(みかわこうげん)
【自然】
愛知県東部の三河地方に広がる山地。木曽山脈の南端の恵那山(標高2191m)から南南西方向に延び、北西側は美濃山地に続く。南東側は豊川の谷、南西側は猿投山の南西麓から豊田盆地の東端がおおよその境界にあたる。西への傾動運動の影響をこうむっており、全体として北東部が高く(1400m程度)、南西に向かって低くなっている(200mほど)。その高さは標高100~1400mである。よく知られた山として、茶臼山(1415.8m)、段戸山(鷹ノ巣山、1152.6m)、猿投山(629.0m)などがある。この山地を刻んで流れる河川が矢作川や巴川である。三河山地とか、美濃山地も合わせて美濃・三河高原とも呼ばれる。三河山地には、高さの異なる3段の小起伏面が認められ、高い方から、段戸小起伏面(1100~1000m)、串原小起伏面(900~700m)、三河小起伏面(600~200m)などと呼ばれる(図)。小起伏面とは、山地のなかで、起伏が小さく尾根がほぼ同じ高さに揃う(定高性がある)仮想の地形面のことをいう。つまり、山地に大きな風呂敷をかぶせたとすると、峰や尾根にひっかっかって谷がなくなり、風呂敷がつくる凹凸の少ない波状の面ができる。
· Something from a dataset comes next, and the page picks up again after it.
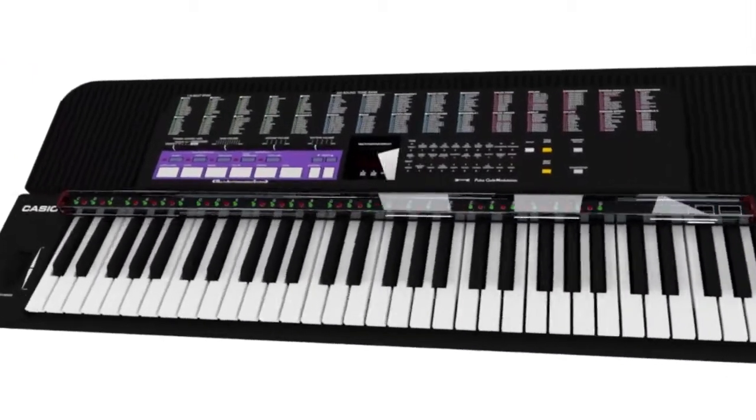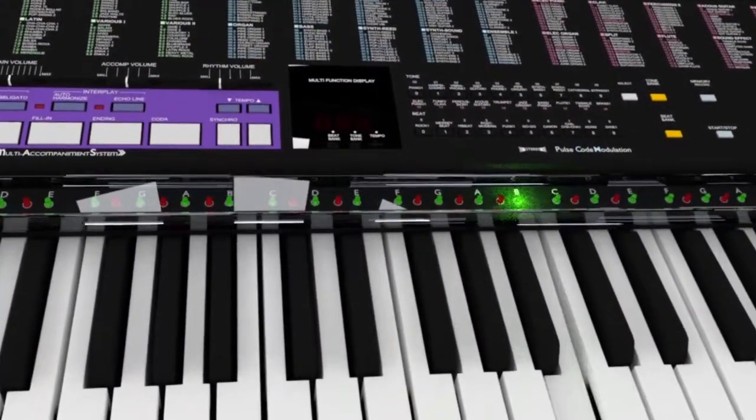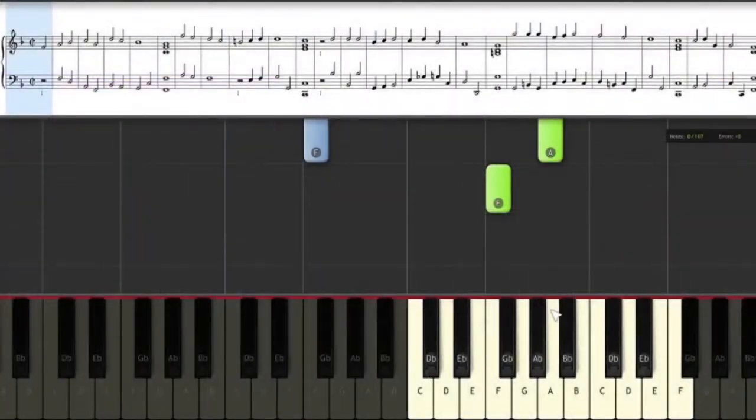This video was brought to you by Piano Maestro. Learn to play the songs you love in less time by adding guide lights to the piano you already own. Now compatible with Synthesia and other software.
これが小起伏面である。このような小起伏面は、かつて、海面近くまで侵食されて平坦になっていた時期があり、その後の地殻変動で隆起したものである。現在では、谷が刻まれたりしてはいるものの、平坦になっていた時期の地表面の名残がなだらかな地形や定高性のある尾根として残っている。小起伏面が3段あるということは、侵食平坦化された時期が3回あったことになり、高い小起伏面ほど古い時代にできている。三河山地は、主に花崗岩や片麻岩からなり、これらが広く露出している。著しく風化して軟らかくなっている(マサ化)部分も多い。稜線近くには、風化されないで残った花崗岩などの巨岩(最大径2~4m)がみられる場所もある。